(Beginning of Records for the exercise)

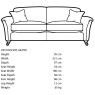 Parker Knoll Devonshire Grand Sofa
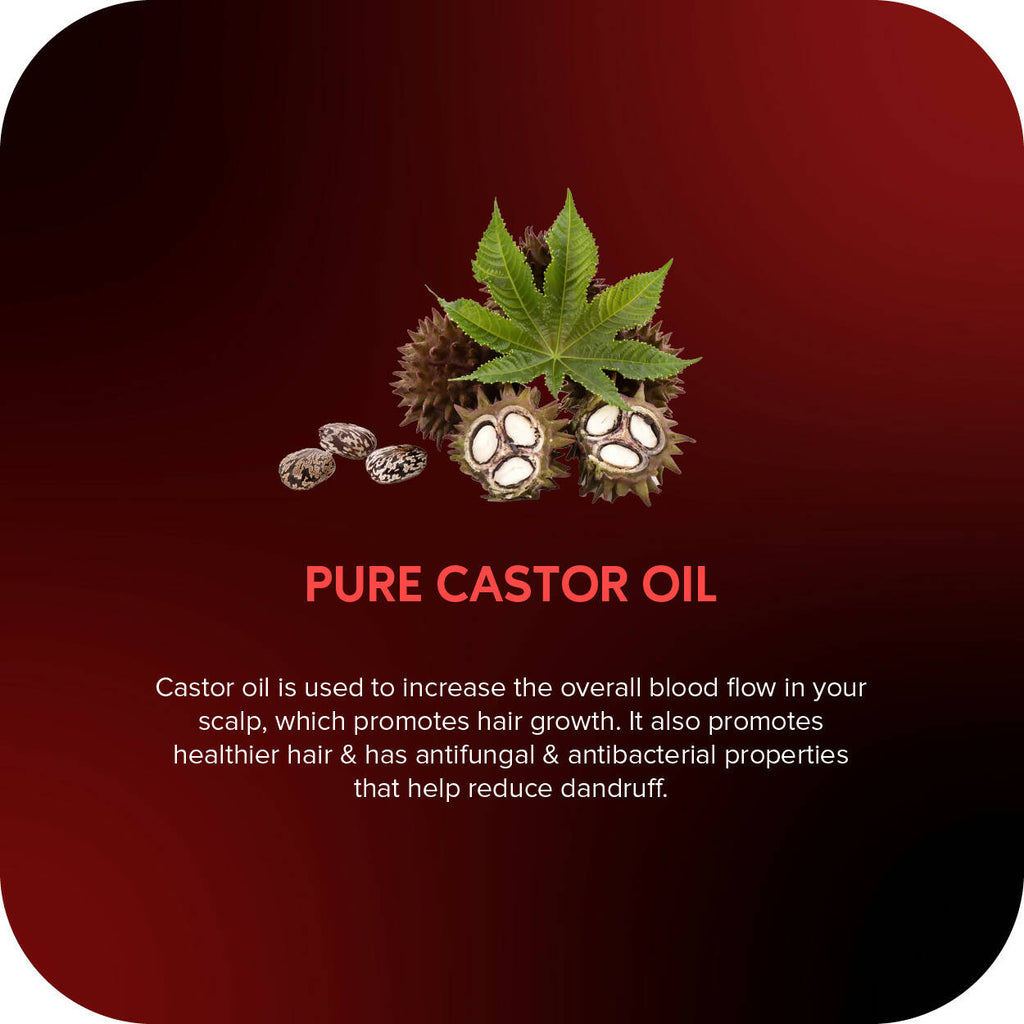 Careberry Organic Hexane-Free Organic Castor Oil For Hair, Face & Body | Grab2Buy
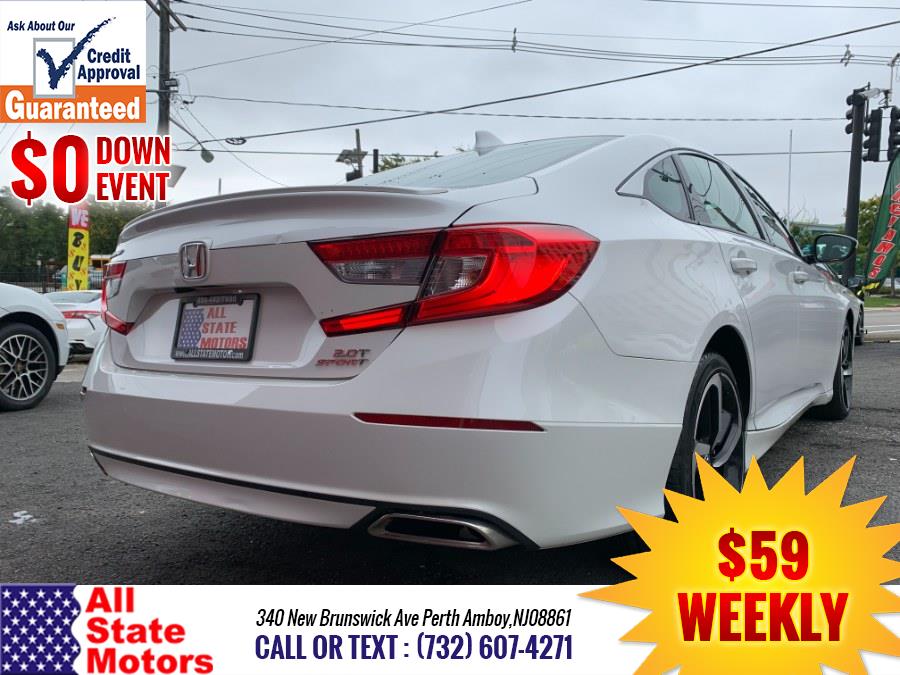 2018 Honda Accord Sedan Sport 2.0T Auto, available for sale in Perth Amboy, New Jersey | All State Motor Inc. Perth Amboy, New Jersey 2018 Honda Accord Sedan Sport 2.0T Auto, available for sale in Perth Amboy, New Jersey | All State Motor Inc. Perth Amboy, New Jersey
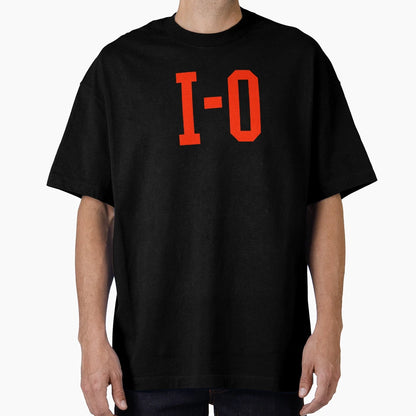 Scarlet Half I O O H I O Ohio T-Shirt - Unique Graphic Men Women - T-Shirt, Sweatshirt, Hoodie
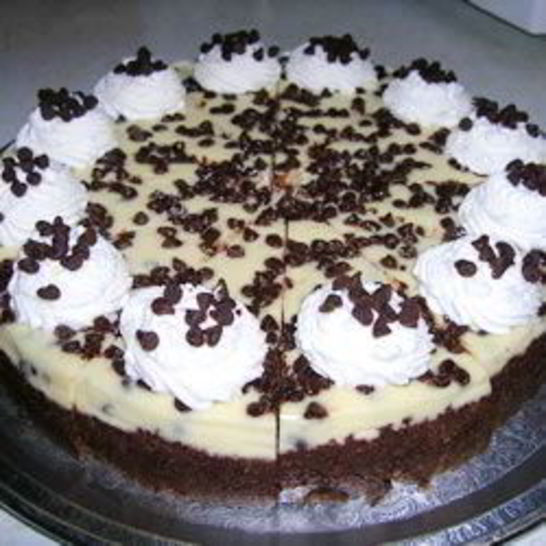 Рецепт чизкейка с шоколадной крошкой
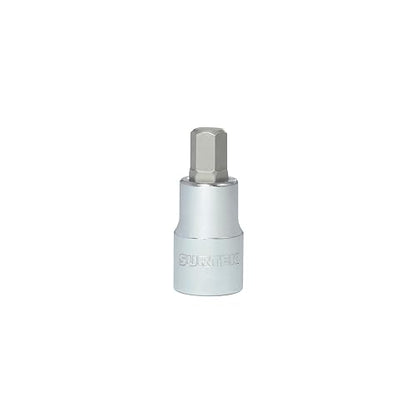 Surtek F58H17M Dado con punta hexagonal métrico cuadro de 1/2", 17 mm - 1 pieza - 17 mm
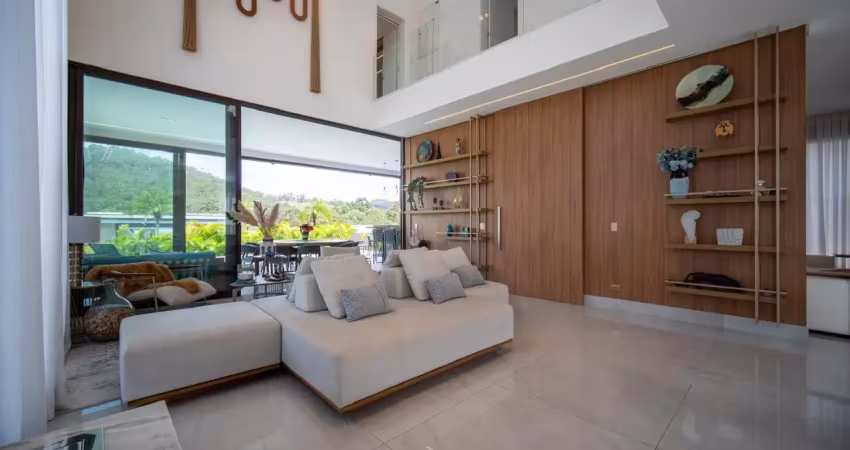 Sobrado de alto padrão à venda no residencial tamboré 11 em santana de parnaíba - sp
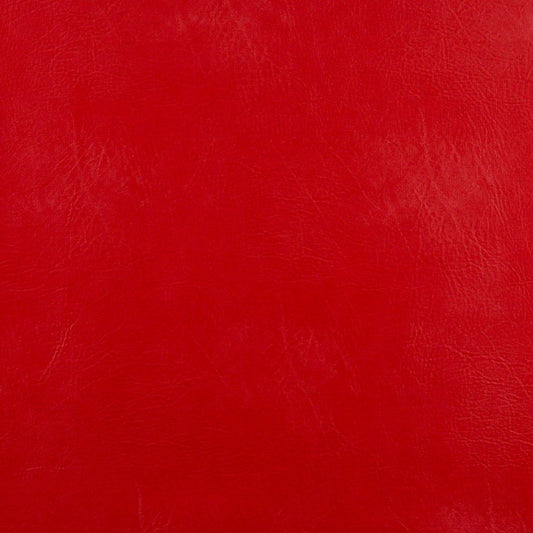 7757 Leather Grain,Plain & Solid Scarlet Red & Burgundy Charlotte Fabrics Vinyl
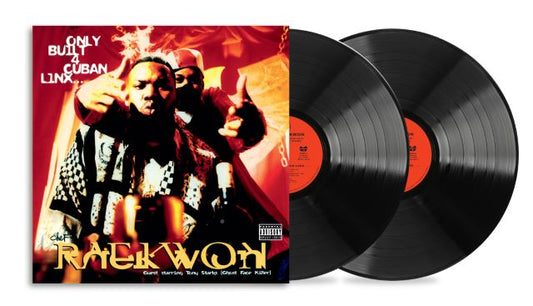 Image of Front Cover of 2xLP - NEW/NEW - RAEKWON, Only Built 4 Cuban Linx (Universal; 19958414041, UK 2026 Reissue, Black Vinyl), ,  - 9409836C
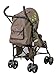 Dream On Me/Mia Moda Facile Umbrella Stroller Brown/Green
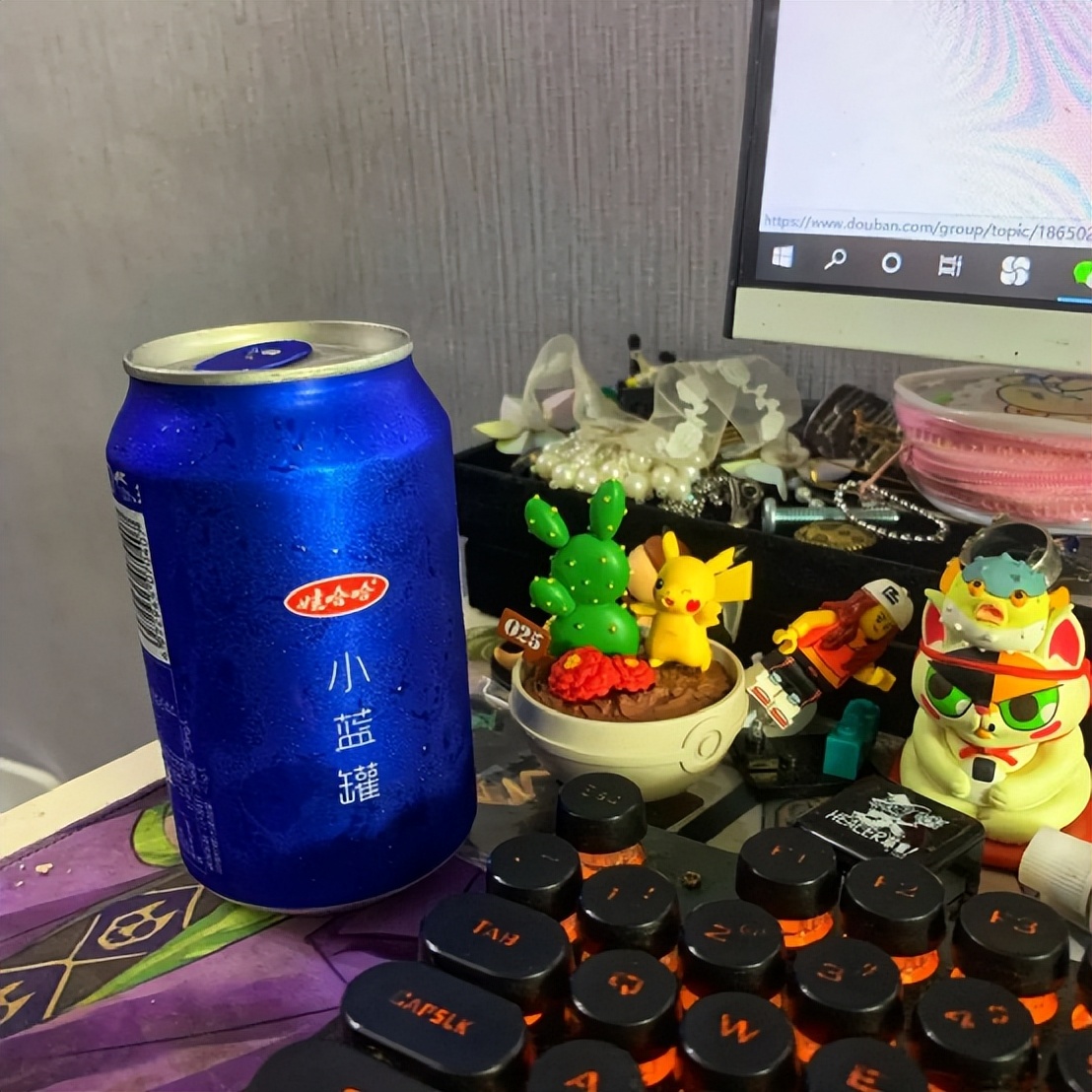 入局千亿气泡水赛道高调推出小蓝罐的娃哈哈被坑了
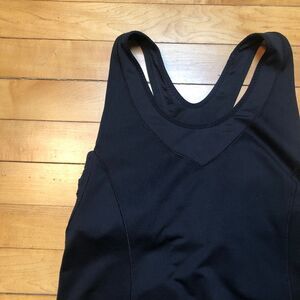 lululemon athletics Black Open Back Workout Tank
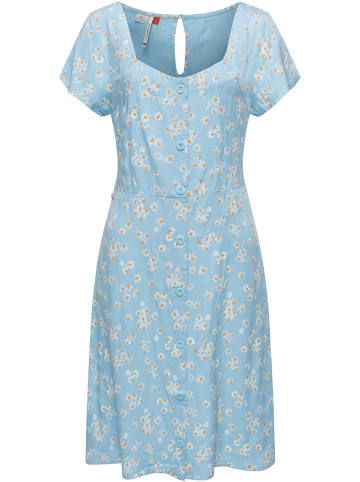 ragwear Blusenkleid Anerley in Light Blue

(End of Records for the exercise)

*Problem to solve*. What are the lines in the records above, word for word, from the one containing "Рецепт чизкейка с шоколадной крошкой" through the one containing "lululemon athletics Black", both ends included and pictures left out?

*Solved exercise*.
 Рецепт чизкейка с шоколадной крошкой
 Surtek F58H17M Dado con punta hexagonal métrico cuadro de 1/2", 17 mm - 1 pieza - 17 mm
 Sobrado de alto padrão à venda no residencial tamboré 11 em santana de parnaíba - sp
 7757 Leather Grain,Plain & Solid Scarlet Red & Burgundy Charlotte Fabrics Vinyl
 Image of Front Cover of 2xLP - NEW/NEW - RAEKWON, Only Built 4 Cuban Linx (Universal; 19958414041, UK 2026 Reissue, Black Vinyl), ,  - 9409836C
 Dream On Me/Mia Moda Facile Umbrella Stroller Brown/Green
 入局千亿气泡水赛道高调推出小蓝罐的娃哈哈被坑了
 lululemon athletics Black Open Back Workout Tank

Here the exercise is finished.